Chasser les superstitions en profanant les lieux sacrés
Chasser les superstitions en profanant les lieux sacrés
5 avril 2018

« Une différence très nette sépare les deux générations de missionnaires qui se sont succédé en Imerina, de 1810 à 1836, puis de 1861 à la fin du XIXe siècle. » C’est ainsi que Françoise Raison introduit son étude sur l’intérêt pour l’oral concernant le travail missionnaire (Revue d’études historiques. « Hier et Aujourd’hui », premier semestre 1982).
Les premiers , précise-t-elle, amorcent des collectes de contes et proverbes dans une perspective avant tout linguistique, afin d’extraire vocabulaire et règles grammaticales de ce corpus, et construire ainsi les premiers ouvrages scientifiques qu’ils estiment être des compléments indispensables au travail missionnaire proprement dit. Les seconds, poursuit-elle, s’attachent à rassembler le « folklore » d’un peuple, avec ses variations régionales et thématiques.
Françoise Raison souligne que tous reconnaissent « l’absence quasi-totale de termes abstraits » et rattachent ce fait non pas à l’absence d’une littérature écrite, mais à une « particularité d’esprit propre à cette nation ». cette particularité les rend « beaucoup plus familiers avec les objets sensibles qu’avec les objets intellectuels ». et de préciser « Les faits, les anecdotes, les occurrences, les métaphores ou les fables se rattachent à des objets sensibles et visibles ou dérivés qui semblent former la base de la plupart des leurs exercices mentaux ». et d’après Ellis, « de remarquables capacité s intellectuelles se trouvent ainsi détériorées ». capacités intellectuelles qui se voient,, renforce l’auteure de l’étude, dans la clarté de l’exposition, la netteté de l’argumentation lors des disputes et procès, l’aptitude remarquable au calcul, au commerce.

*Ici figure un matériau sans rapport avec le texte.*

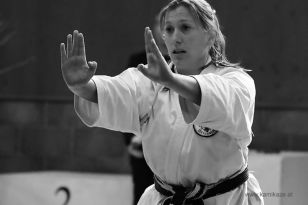 seibukan_KAMIKAZE_Sommercamp_Neuhofen_Krems_2012_245.jpg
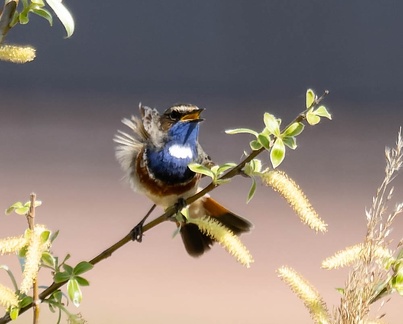 Gorgebleue à miroir Luscinia svecica - Bluethroat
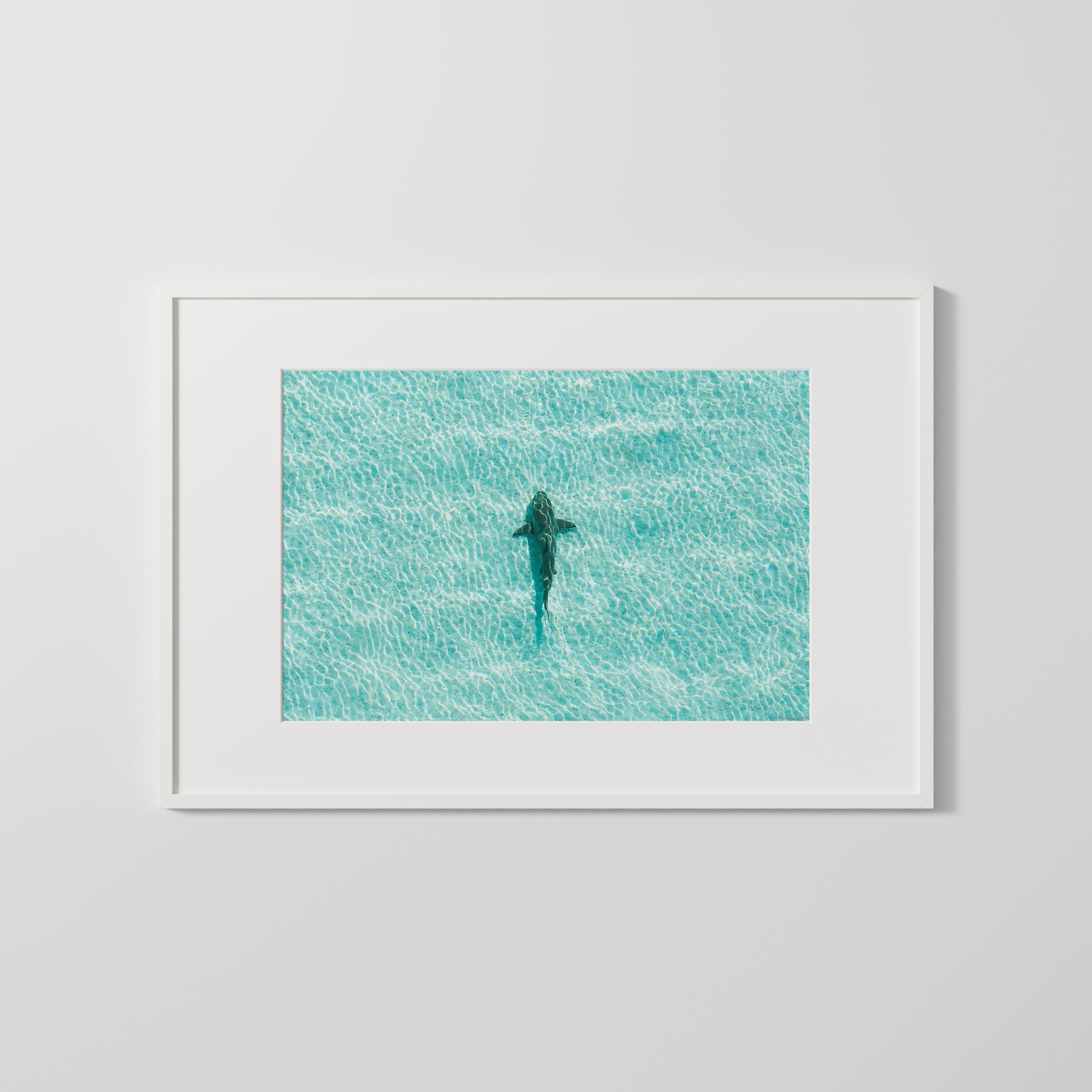 Shark Drone Print, Ocean Print, Ocean Wall Decor, Shark Art, Shark Gifts, Coastal Decor, Tropical Wall Art, Beach Poster, Turquoise Art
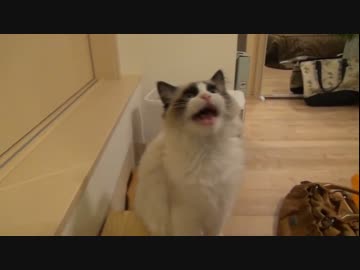 ラグドールのレオ　Vol.37 どうしても部屋に入りたい猫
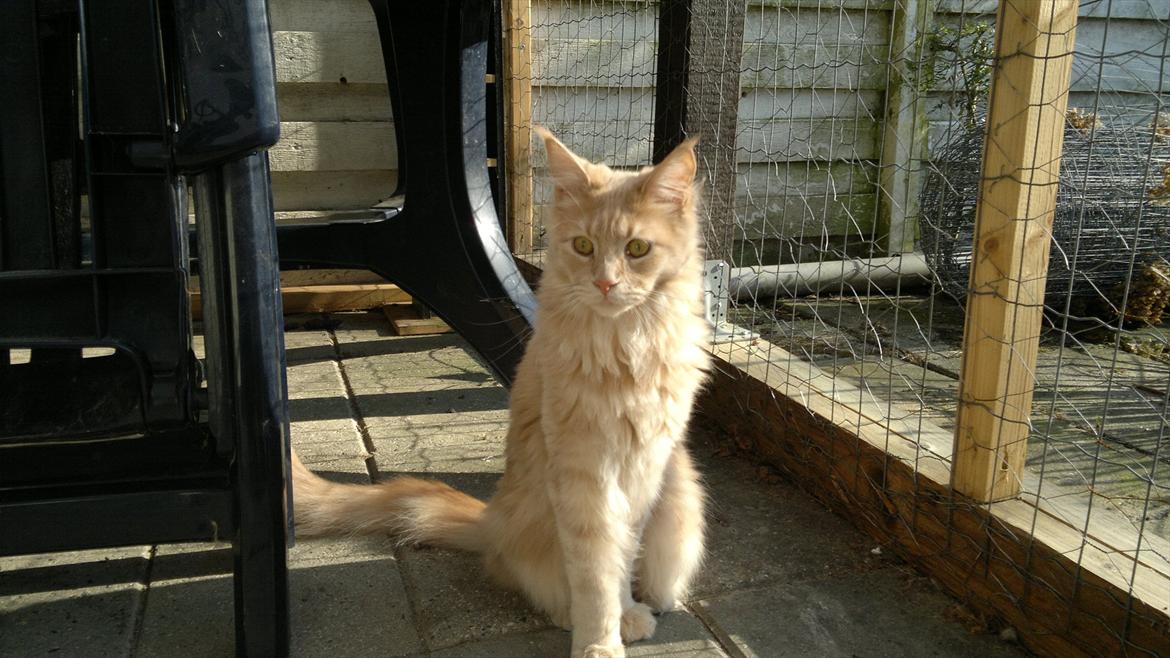 Maine Coon Bobby L Teddy Bear billede 16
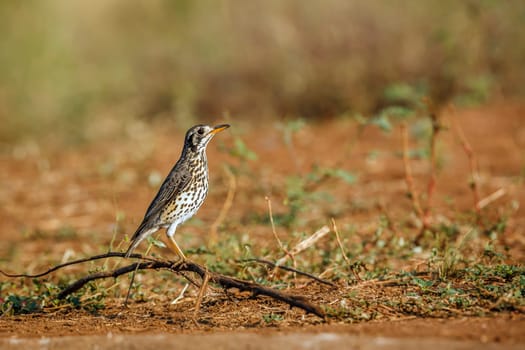 Groundscraper Thrush standing on a dung ground level  in Kruger National park, South Africa ; Specie Turdus litsitsirupa family of  Turdidae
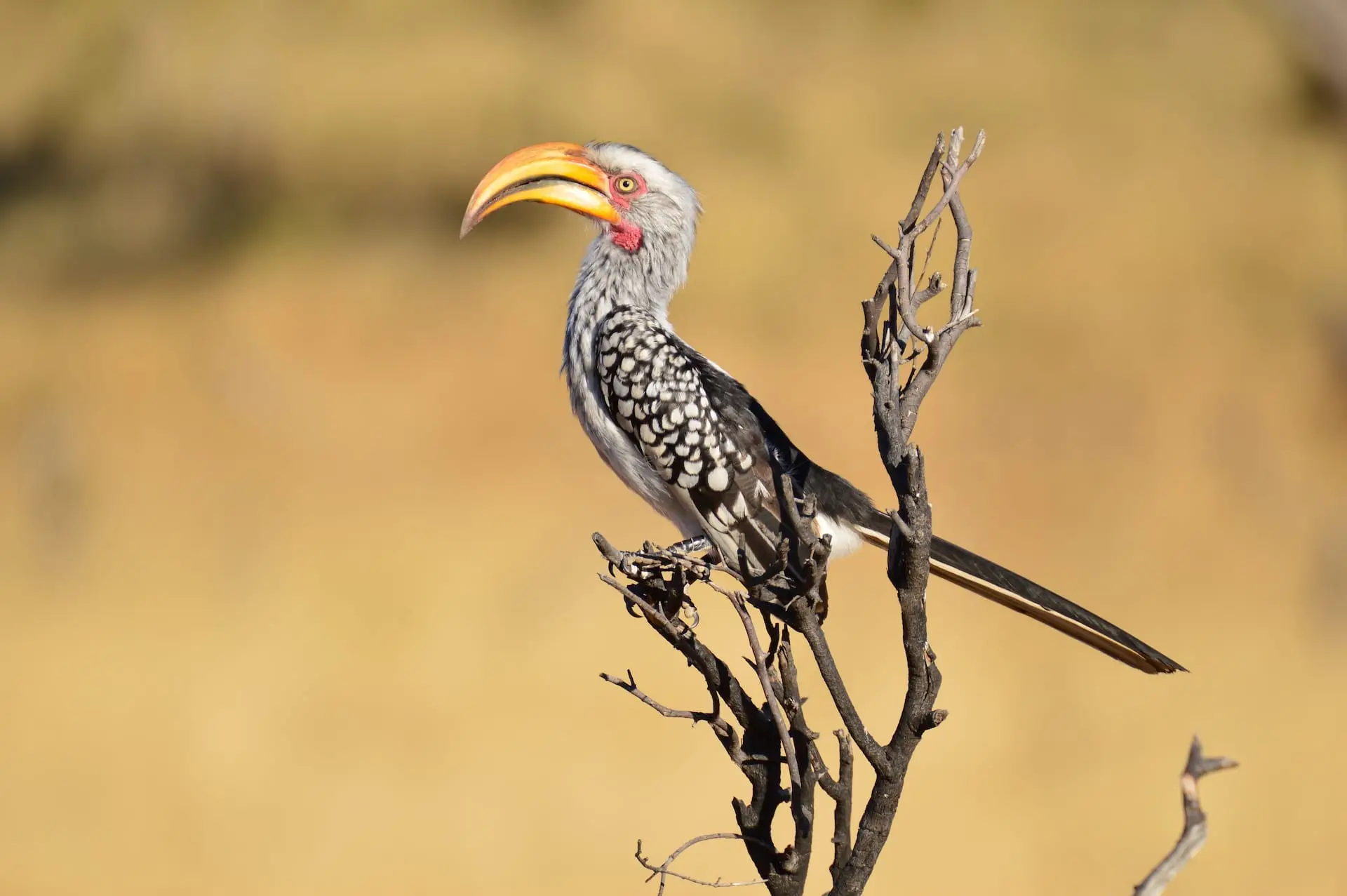 Yellow Billed Hornbill # FOTO 8 - DSC_0052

Ainsi, la première équipe de missionnaires, « déçue du peu d’intérêt de la littérature orale en tant que système de pensée », doit cesser rapidement de s’y intéresser. Pourtant, jusqu’en 1830, pour la composition du Dictionnaire, c’est la période de collecte des « coutumes, comportements et antiquités des gens et du pays, et aussi les fables, devinettes, chants, proverbes, figures, allégories, superstitions, idolâtrie… » Les élèves de la mission y prennent une part importante, encouragés, sinon rémunérés, par leurs maîtres. Parfois, ces derniers les accompagnent pour des expéditions où se mêle l’objectif de « déraciner des superstitions qui relèvent de l’imagination, puissance trompeuse et diabolique, régnant à la fois dans l’esprit de leurs élèves et dans celui des paysans ».
Ils en arrivent à questionner sans ménagement ceux-ci, à pousser les arguments de leurs informateurs « jusque dans des conclusions absurdes », portent la main et la pied « sur des sites protégés par la terreur sacrée » qu’ils inspirent jusque là et poussent « leurs élèves à participer à ces profanations ».
Françoise raison relève qu’au cours d’une excursion dans l’Imamo, ils discutent avec les habitants de leurs « traditions superstitieuses » concernant Rapeto. Ce dernier est présenté par la légende comme « un héros , demi-dieu et si monstrueusement grand qu’un de ses pas équivaut à six ou sept jours de trajet d’un homme à pied. Il combattit avec la lune, fut vaincu et enterré au sommet de l’Ambohimiangara, la plus haute montagne de la province de Mamou » (lettre du missionnaire Freeman à la LMS en date du 14 juin 1830).
Les missionnaires réagissent brutalement contre les croyances ancestrales de la population de l’Imamo, pensant convaincre celle-ci du bienfondé et de la supériorité de la religion chrétienne écrite.